Every line from the one with "Le pratique pour" through the end of the entries below must be retyped exactly, and only those lines. The pictures are not part of the copy.

-------- Data to process --------

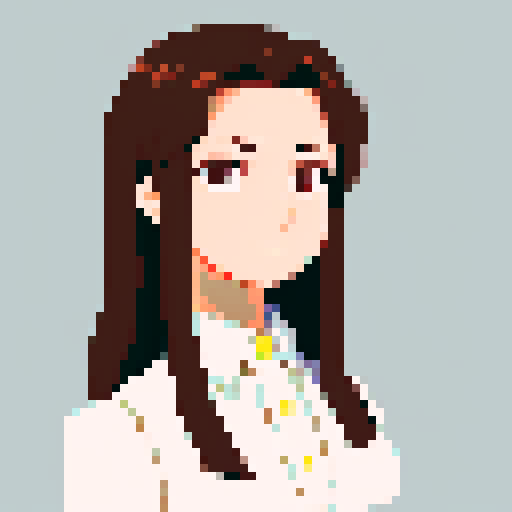 minister of economy, brown hair, close-up, confident stance, anime style, pixel art, suit, front view, 30-years-old, front view, bust, middle-part-hair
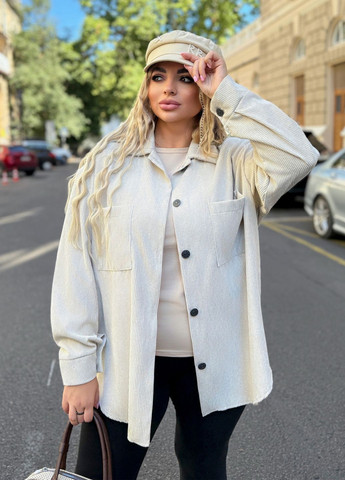 Жіноча вельветова сорочка оверайз з подовженою спинкою No Brand (361044205)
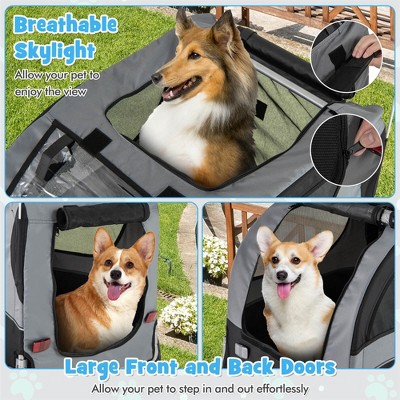Foldable Gray Pet Bike Trailer with Mesh Windows and Steel Frame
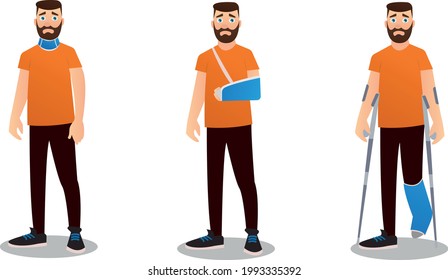 Set of sad character man with injuries. Fracture or dislocation of the leg, arm, neck damage. Vector illustration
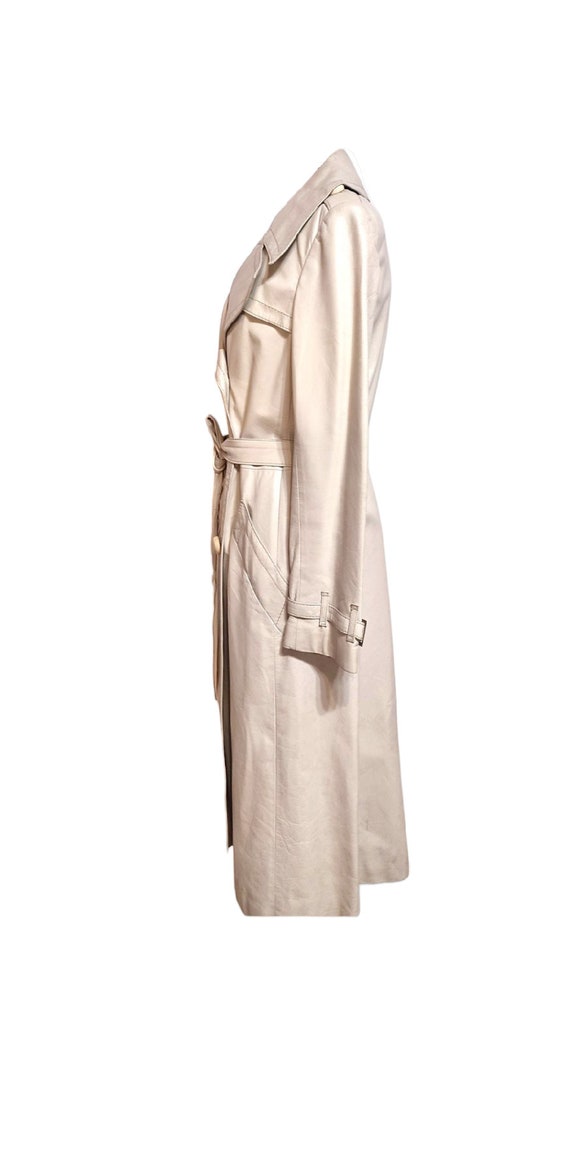 Pierre Cardin 70's vintage ivory white leather tr… - image 4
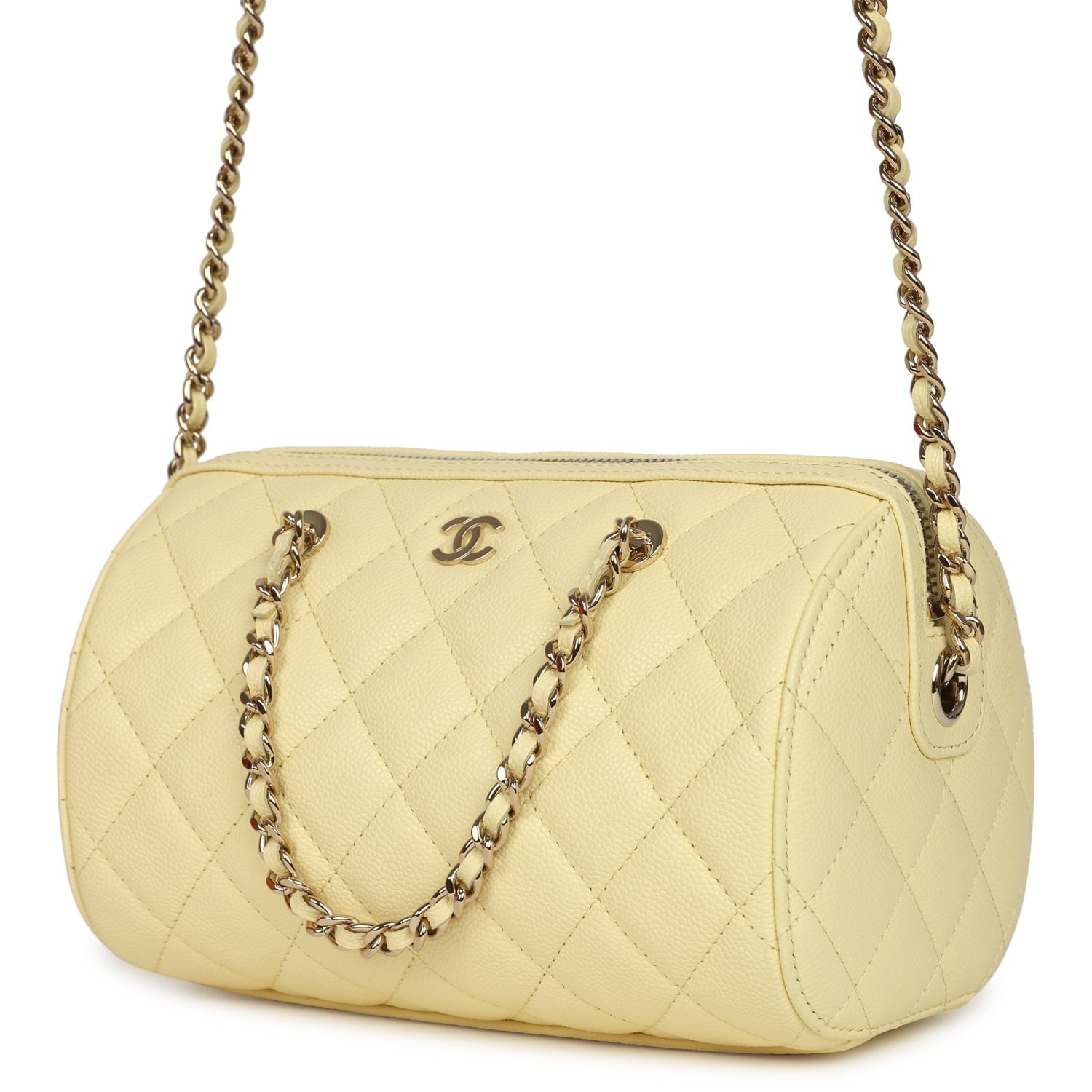 Mini Timeless Classic Barrel Bag with Chain Yellow Shiny Caviar Light Gold Hardware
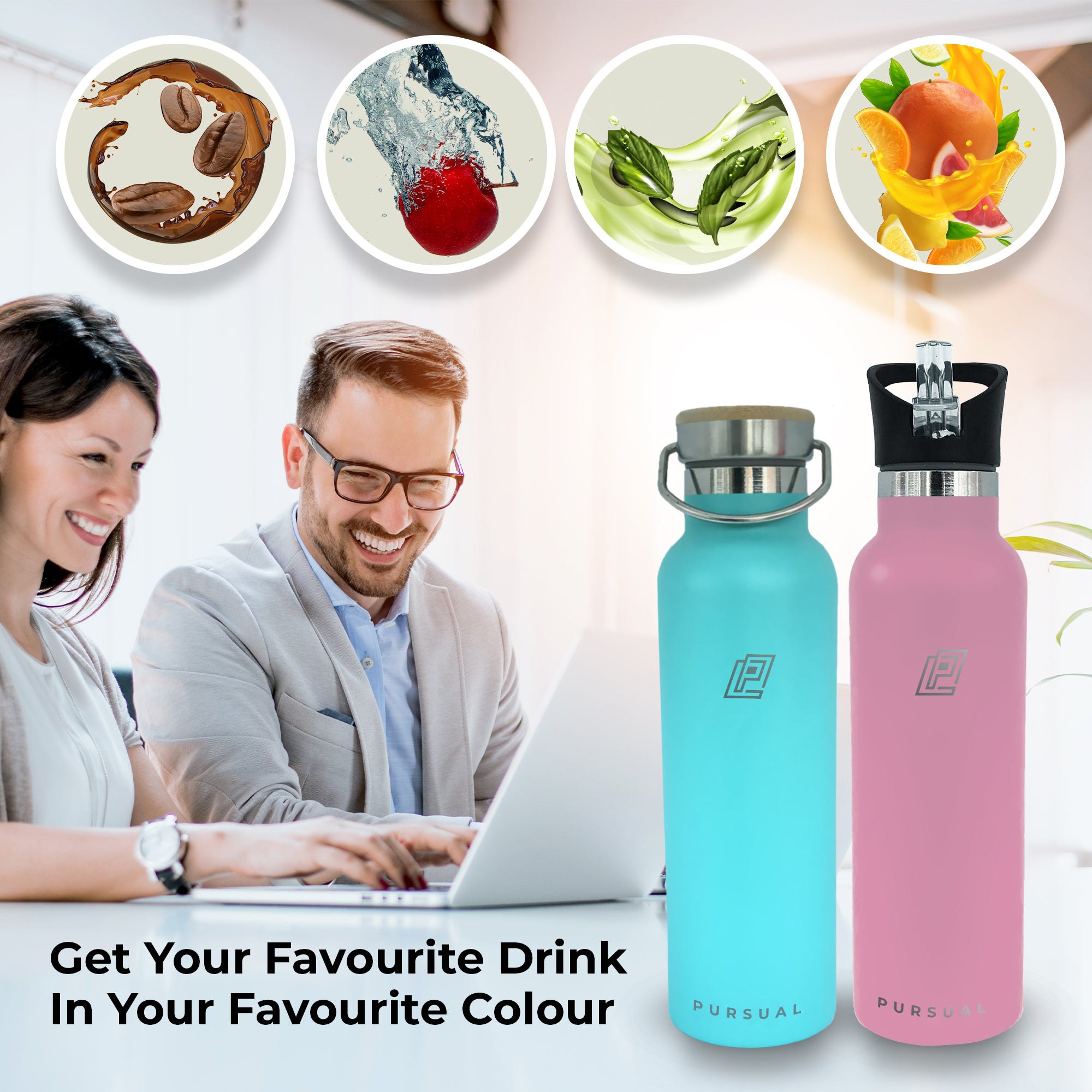 Stainless Steel Insulated Water Bottle for Hot & Cold Liquids - Pursual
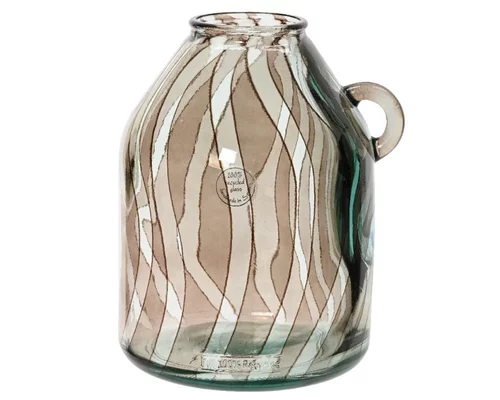 Le pratique pour l’extérieur：Vase coloris marron en verre recyclé - Ø 21 cm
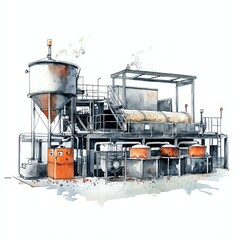 An industrial facility with machinery, showcasing modern production equipment and operational efficiency.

--------

*Result of the exercise*:
 Le pratique pour l’extérieur：Vase coloris marron en verre recyclé - Ø 21 cm
 An industrial facility with machinery, showcasing modern production equipment and operational efficiency.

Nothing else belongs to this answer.